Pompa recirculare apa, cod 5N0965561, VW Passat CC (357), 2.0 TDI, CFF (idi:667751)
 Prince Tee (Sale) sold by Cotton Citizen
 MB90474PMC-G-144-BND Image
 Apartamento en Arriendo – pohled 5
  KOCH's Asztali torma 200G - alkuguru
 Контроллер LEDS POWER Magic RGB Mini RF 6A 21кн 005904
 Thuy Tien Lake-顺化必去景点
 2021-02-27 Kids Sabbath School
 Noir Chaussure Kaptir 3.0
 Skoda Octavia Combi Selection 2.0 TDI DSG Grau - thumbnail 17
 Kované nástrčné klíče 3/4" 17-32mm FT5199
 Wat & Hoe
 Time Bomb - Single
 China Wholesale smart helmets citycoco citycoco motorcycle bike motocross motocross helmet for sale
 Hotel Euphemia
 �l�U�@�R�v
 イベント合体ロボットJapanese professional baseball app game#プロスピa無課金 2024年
---
--- About this task ---
Beginning with the line that contains "Контроллер LEDS POWER", return every line through the end of the data above, exactly as written.

--- Answer to this exercise ---
 Контроллер LEDS POWER Magic RGB Mini RF 6A 21кн 005904
 Thuy Tien Lake-顺化必去景点
 2021-02-27 Kids Sabbath School
 Noir Chaussure Kaptir 3.0
 Skoda Octavia Combi Selection 2.0 TDI DSG Grau - thumbnail 17
 Kované nástrčné klíče 3/4" 17-32mm FT5199
 Wat & Hoe
 Time Bomb - Single
 China Wholesale smart helmets citycoco citycoco motorcycle bike motocross motocross helmet for sale
 Hotel Euphemia
 �l�U�@�R�v
 イベント合体ロボットJapanese professional baseball app game#プロスピa無課金 2024年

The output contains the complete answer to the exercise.